At the time Major League Baseball owned the team. With no new ownership group yet on the horizon, the Nats’ marketing and sales department was working on a shoestring budget that year. They focused much of their efforts on making sure those who had taken the leap of faith and signed on received access to the very basic menu of goodies they had to offer. Early in the season they flew my boss and I down to Atlanta for a game against the Braves. I don’t believe we were put up in the Ritz, but the downtown hotel was more than plush. Even better was a round of golf we were treated to at a local club.
However, best of all came that evening at the game when, dining from a nice buffet in the Turner Field VIP area, Henry Aaron ambled over to our table to shake hands. I felt weak in the knees as I rose to try and make intelligent conversation with the game’s greatest living legend! As he smiled and reached his elegant hand out to me, the best I could do was “Mr. Aaron, Ernie Banks will always be my number 1 but I God you’re a very close number 2!” He smiled graciously and said simply “Ernie is a good friend. You must be from Chicago.” I started to say yes I was and saw him get no-hit by Ken Holtzman but he was already pivoting to someone else. It was more than enough.
The spring of 2005 was a great sports period for me. Tiger won his fourth green jacket at Augusta, finally beating pesky and unheralded Chris DeMarco on the first hole of sudden death; I had 50-1 winner Giacomo in the Kentucky Derby (although I only got 28-1 when I bet my $80 on him in an early March future pool and favorite Afleet Alex getting necked out of second by 70-1 Closing Argument cost me a multi-thousand exacta payoff); and I could enjoy near any Nats home game from box seats about 12 rows up from home plate. Winning or losing was beside the point. Like glorious Redskin games from years past, Metro dropped you off a stone’s throw from RFK; the whole experience couldn’t have been easier.
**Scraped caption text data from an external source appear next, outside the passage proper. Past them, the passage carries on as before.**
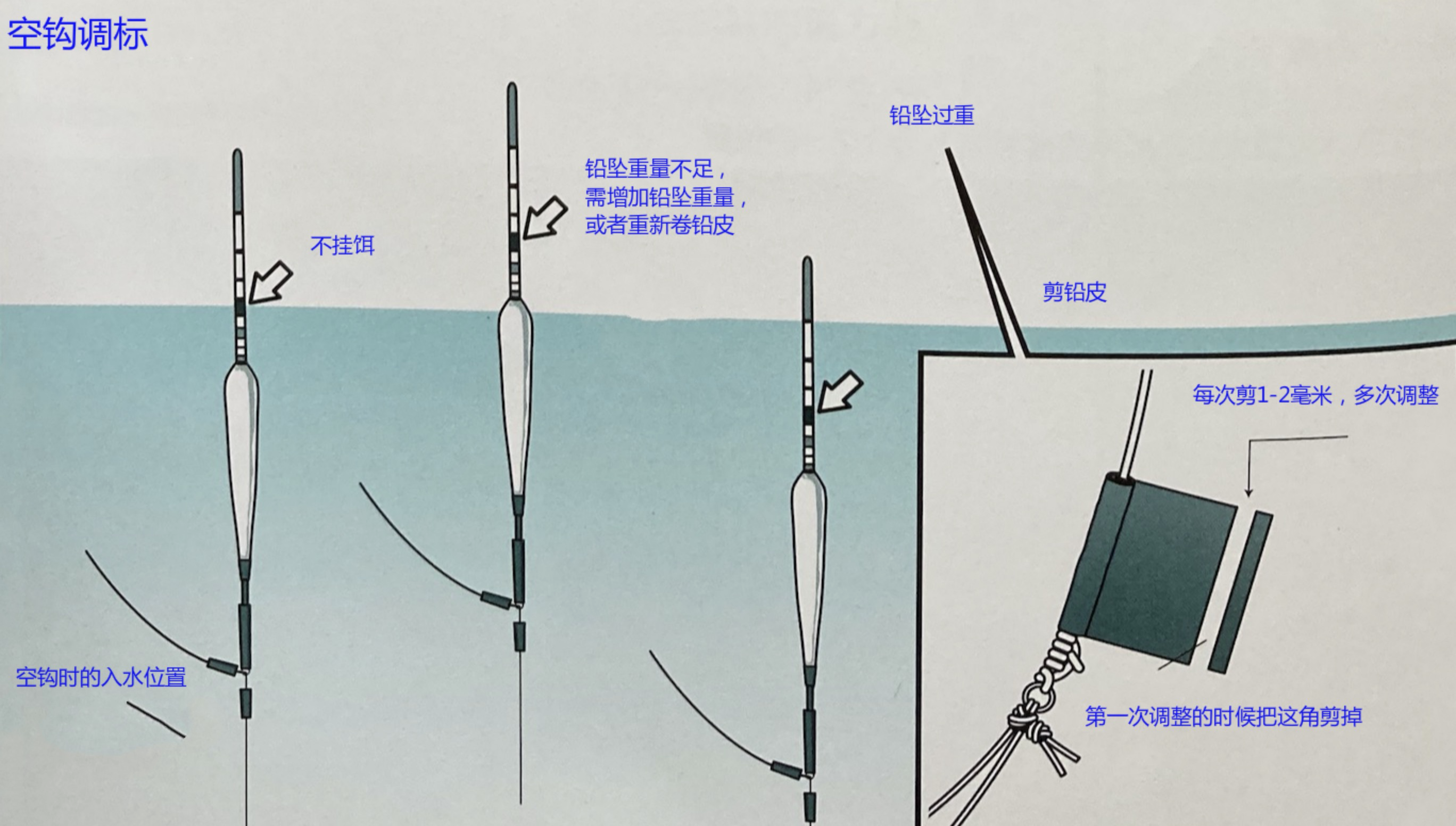 日本|[ 鲫鱼钓 ] 日鲫空钩调标，日本专业钓鱼书籍介绍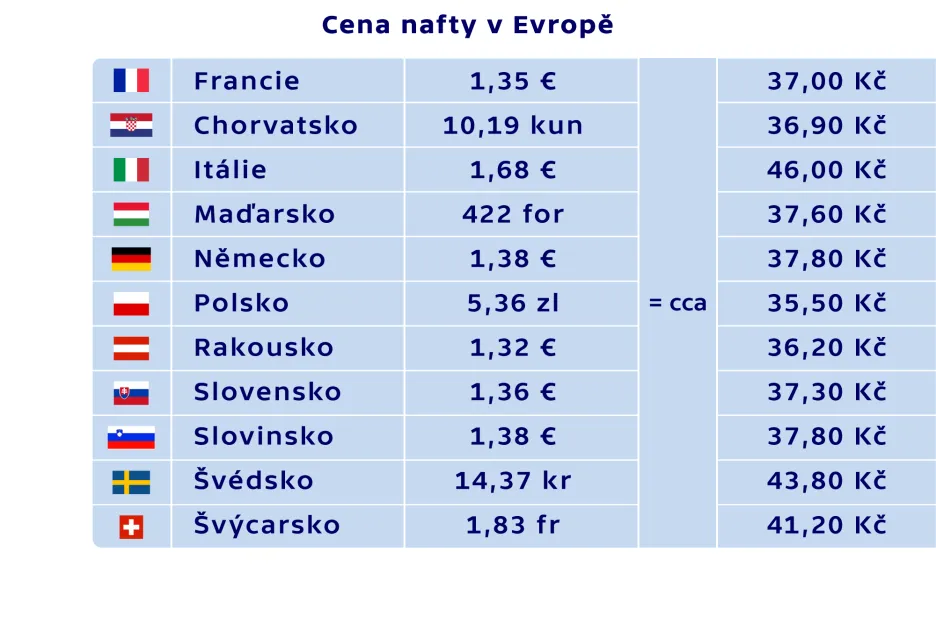 Ceny nafty v Evropě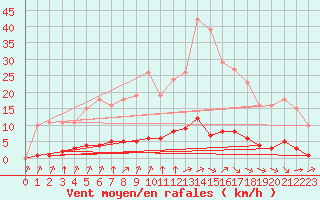 Courbe de la force du vent pour Abbeville - Hpital (80)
So, after more than a decade of devout fantasy baseball participation and the calculated cynicism it engendered, I once again became a genuine fan. It was the Nats or bust for me… emphasis often on bust. Indeed the 2005 Nats were a team only a real partisan could love, frustratingly uneven, offering hope and futility in even doses. Like most expansion franchises, the lineup was a hodgepodge of journeymen and diminished stars, rookies and cast offs existing on the margins. Yet and still, there was one name in the team’s game guide that stood out above all others, granting enduring credibility follies on the field could not tarnish….. Manager Frank Robinson.
Class can’t be faked; it can be earned, but often is simply a trait people either possess or are bereft of….. you know it when in its presence. With Frank Robinson it stemmed from both avenues. When speaking of baseball royalty there is usually a two camps approach. There is the old school – i.e Cobb, Ruth, Gehrig, Wagner, Johnson et al – and there is the “modern” game elites, who begin with DiMaggio and progress through Mays, Mantle, Aaron, Koufax, Gibson …. and of course Frank Robinson.
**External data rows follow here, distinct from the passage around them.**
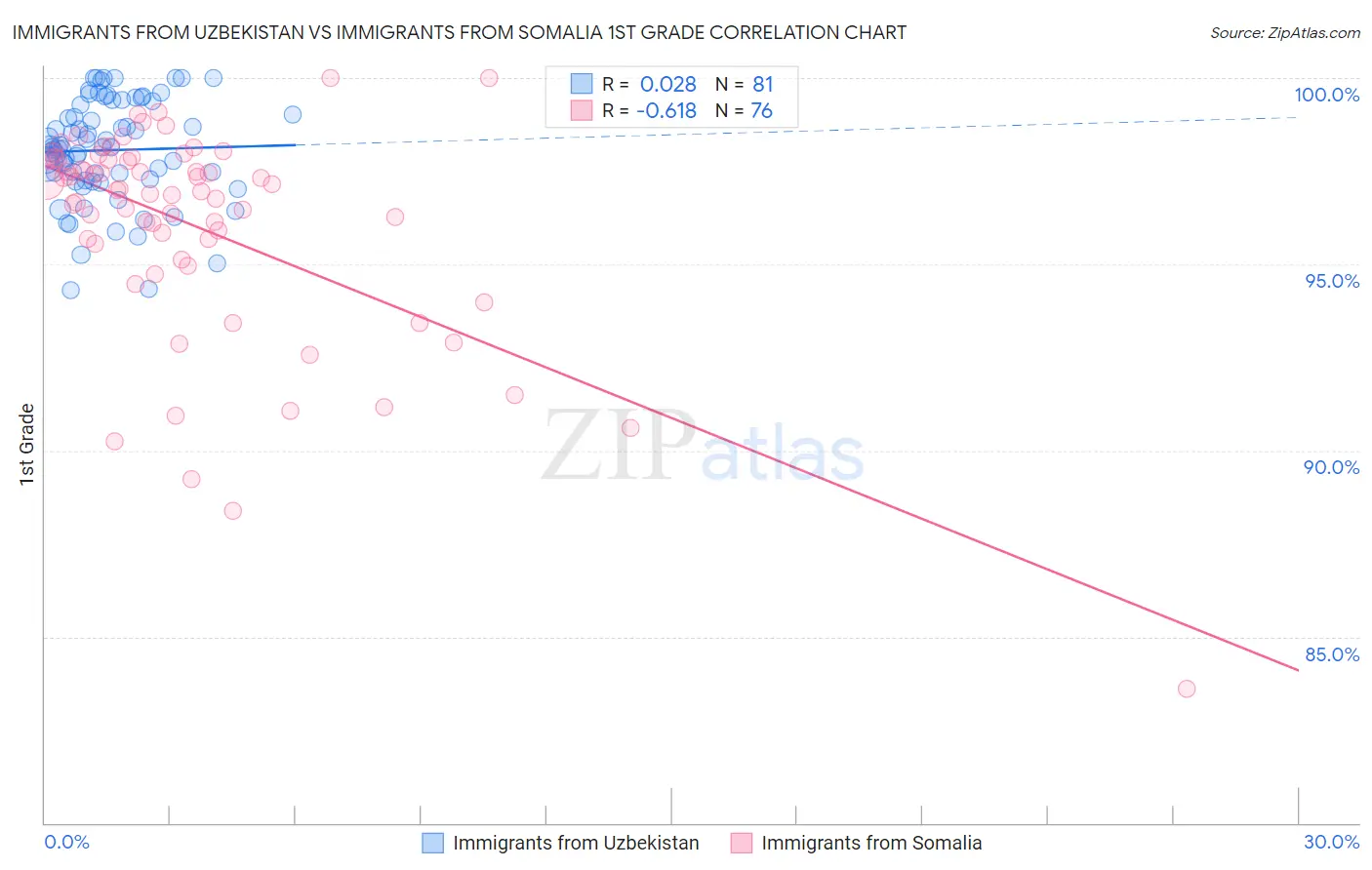 Immigrants from Uzbekistan vs Immigrants from Somalia 1st Grade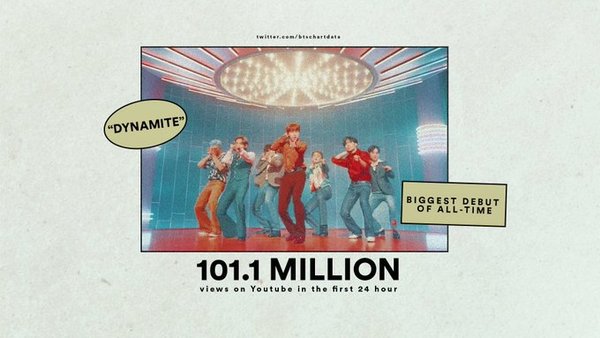 10-countries-contributing-the-most-views-to-bts-dynamite-in-first-24-hours-3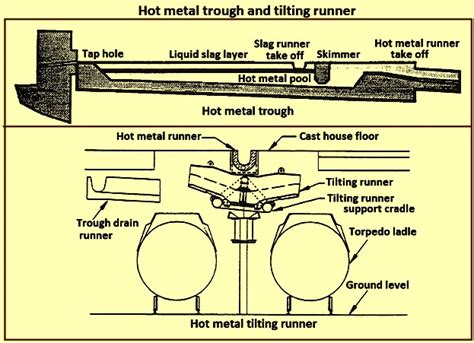 Important Aspects Of Design Of Blast Furnace And Associated Ancillary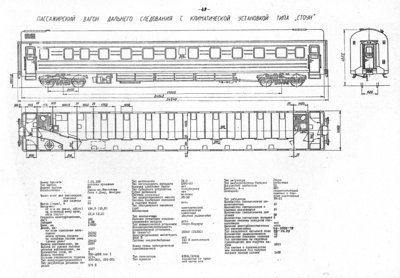 Пассажирский вагон дальнего следования с климатической установкой типа &quot;Стоун&quot;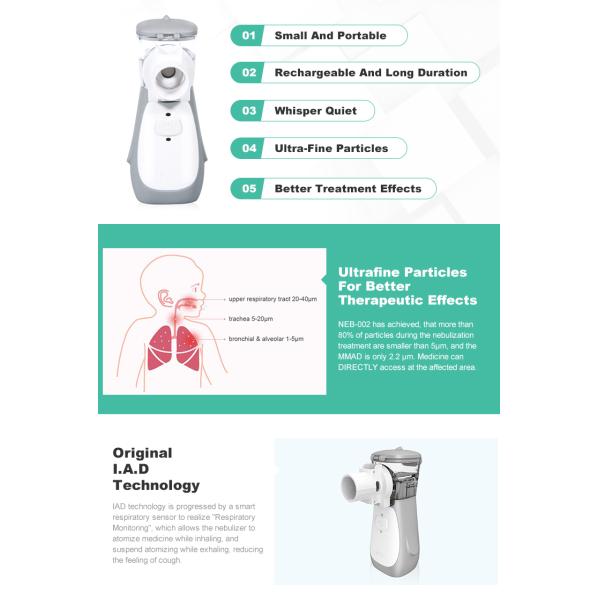 Modern Portable Ultrasonic Mesh Nebulizer ISO 13485 Best Mesh Nebulizer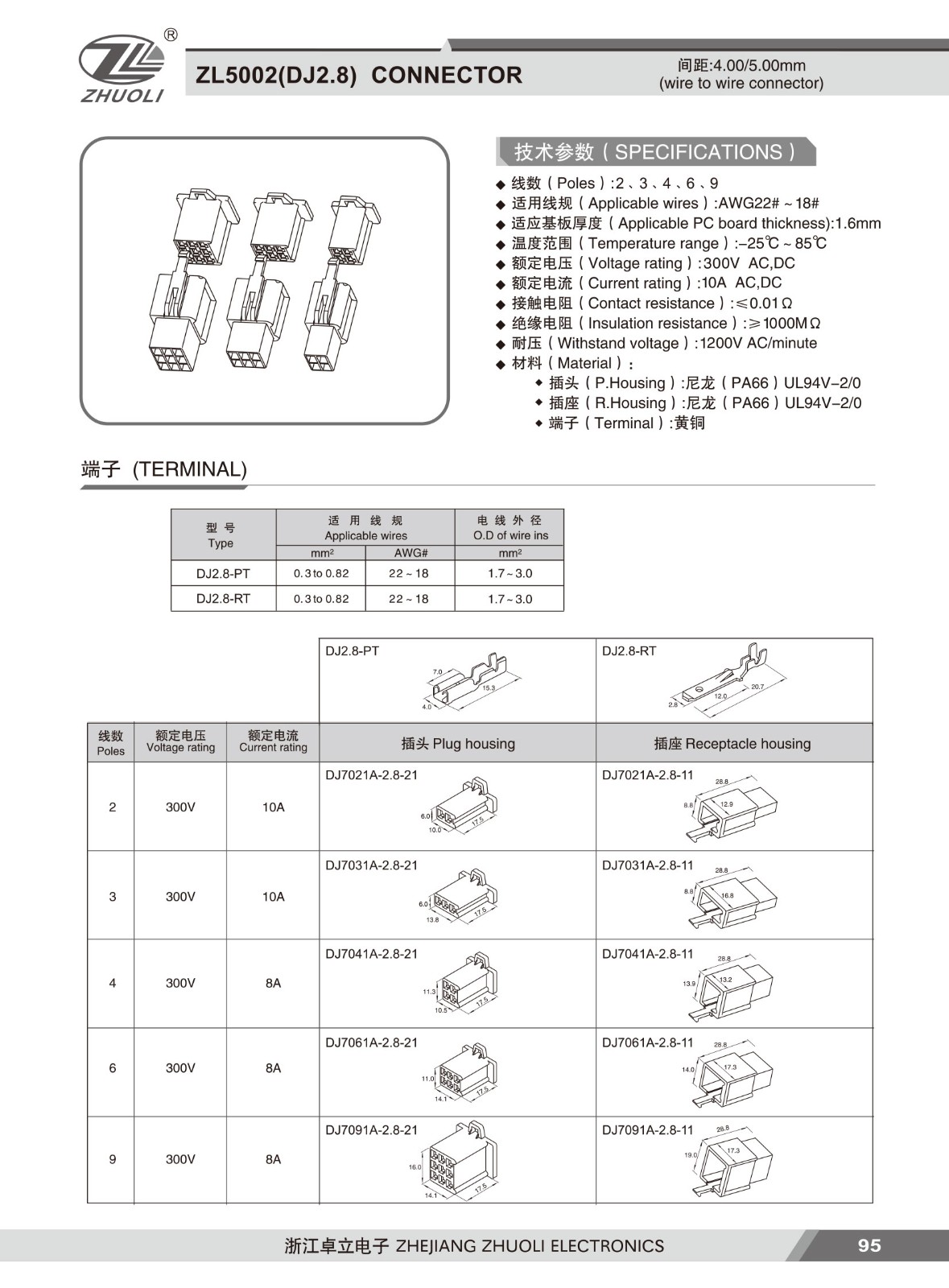 ZL5002-DJ2.8.jpg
When Robinson retired his 586 home runs trailed only Aaron, Ruth and Mays; could it possibly get more elite than that? He won MVPs in both leagues, the result of the worst trade in sports history…. the Baltimore Orioles sent Milt Pappas to the Cincinnati Reds for their best player, who front office idiots figured was over-the-hill at 31! Robinson showed just how feeble he was, carrying the Orioles on his back to the 66’ World Championship over Koufax and Drysdale’s LA Dodgers.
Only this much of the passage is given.